For teachers, participating in the study is equivalent to completing a further education course that they can simply integrate into their normal workday.

How do my students benefit from participating in the project?
Today’s youth have been immersed in digital technologies from an early age. Therefore, they are often called digital natives, presuming that they are highly digitally literate. However, recent findings on Swiss upper secondary students’ skills regarding specific subdimensions of digital literacy have revealed disconcerting results (Stanoevska-Slabeva, Mueller, Lippe, et al., 2015; Stanoevska-Slabeva, Mueller, Seufert, et al., 2015). It seems as if adolescents are not as digitally literate as one might expect. In fact, we only know little of their real learning needs on specific sets of digital skills. In our study, students will be asked to deliver their viewpoint on digital literacy education. By doing so, the study contributes to a deeper understanding of students’ perspectives and needs in the field of digital literacy. Based on the research findings, teachers can more accurately align their instruction with students' learning needs.
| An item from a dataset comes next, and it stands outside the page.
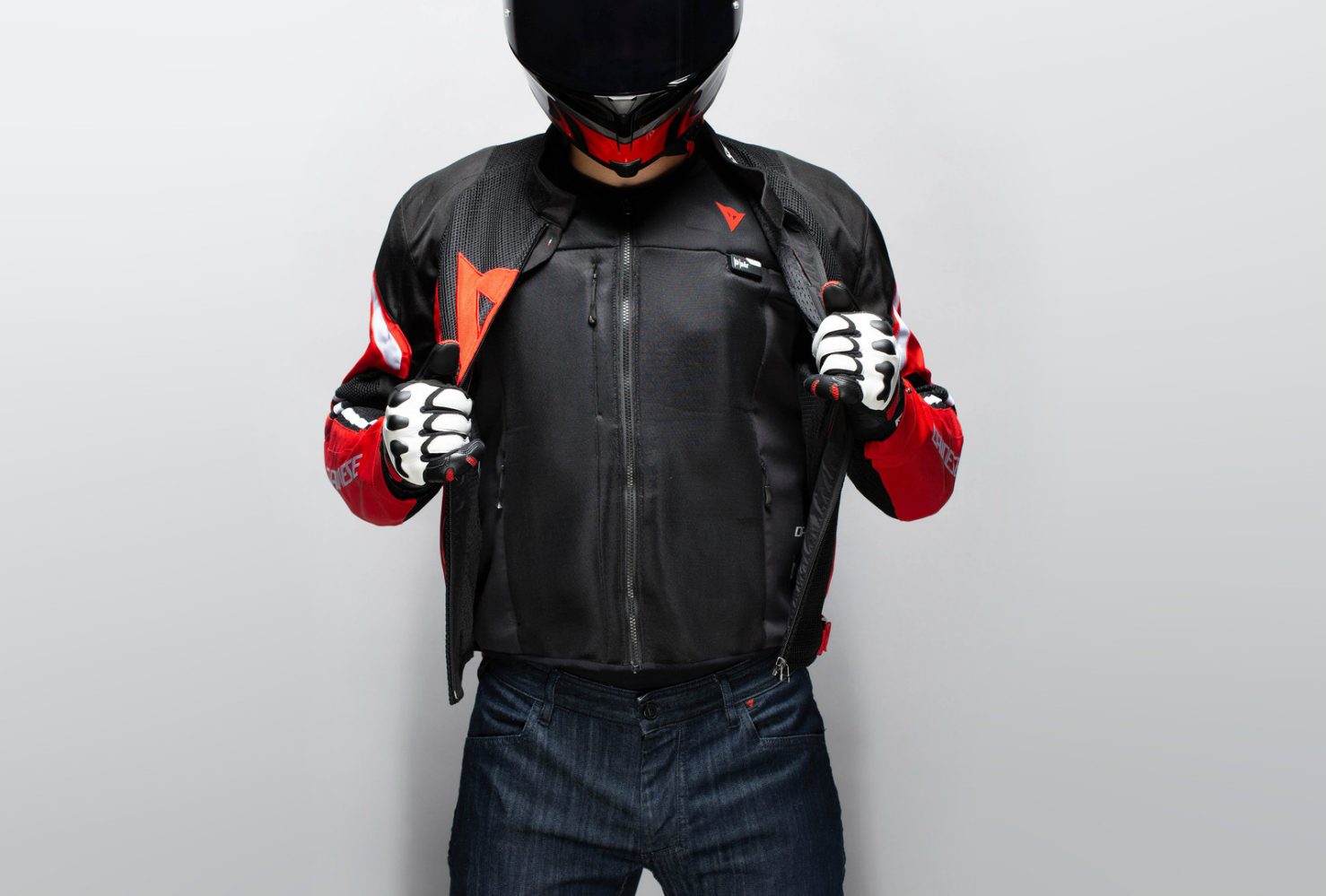 dainese smart jacket garment airbag breaks new ground so you wont get broken dair worn under 2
1. How does it work? What’s the method of research?

The project is based on a design-based research approach. Thus, the participating teachers will have the opportunity to become researchers by immersing themselves in the method of lesson-study cycles. Participating teachers will be offered instructional materials from which they can choose, experiment with, and thus widen their professional expertise on subject-integrated digital literacy education. Since we believe schoolwork to be a co-constructivist endeavor, students will be involved in the lesson studies as well. Researchers will support the teachers during the whole process by developing a range of materials, delivering evaluative instruments, supporting teachers in the administration of evaluative tools, organizing reflective meetings, etc. During the lesson-study cycles, data will be collected from different sources and perspectives, i.e. from teachers and their students.

2. How is the project organized?

The project is structured in three phases, A-C, as depicted below in Figure 1:

Figure 1
Figure 1:  Visualization of the three project phases and their timelines.

In Phase A, English Gym1-teachers and students from Bernese upper secondary schools (Gymnasien) will be interviewed on their beliefs about digital literacy education in general and, more specifically, in a subject-specific setting. The interviews will be conducted in January and February 2022.
To get an authentic insight into the subject-specific integration of digital literacy education, in Phase B, teachers are invited to participate in lesson-study cycles. In this part of the project, teachers will have the opportunity to add their own research interests to the study. Phase B starts in late June 2022.
While the data collected will be analyzed continuously throughout the project, Phase C will enable the researchers to make use of the findings in a more integral approach, to understand and examine the phenomena thoroughly and to generate a well-rounded synthesis.

3. What is design-based research?

The hands-on research approach taken in this study (Phase B) is guided by the following principles of design-based research as summarized by Anderson & Shattuck (2012):

  • The research activity is situated in an authentic school setting: Teachers plan and reflect on lesson-study cycles as part of their very regular classroom work.
  • The focus is placed on an instructional intervention, which is also tried out: Teachers use a selection of tasks from the material pool in their lessons. In contrast to classical intervention research, however, this study focuses on an exploratory look at the didactic utilization of the teaching resources.
  • Use of multiple methods: In the study as a whole, but also in Phase B alone, methodological approaches are mixed (e.g., questionnaires with students, inclusion of teachers' planning documents, interview protocols).
  • Iterative approach: The design of the study is such that multiple lesson-study cycles will be conducted over the course of Phase B.
  • Collaborative partnership between researchers and teachers and students: Researchers actively integrate teachers into the research process.
  • Development of design or instructional principles: This aspect certainly also plays a role in the present study, but it is not the main focus. With regard to the material and task stimuli provided, it is nevertheless possible to derive from the data and findings generated which stimuli must be designed and in what form, so that teachers and their students can perceive and use them as productive learning opportunities for the acquisition of digital literacy.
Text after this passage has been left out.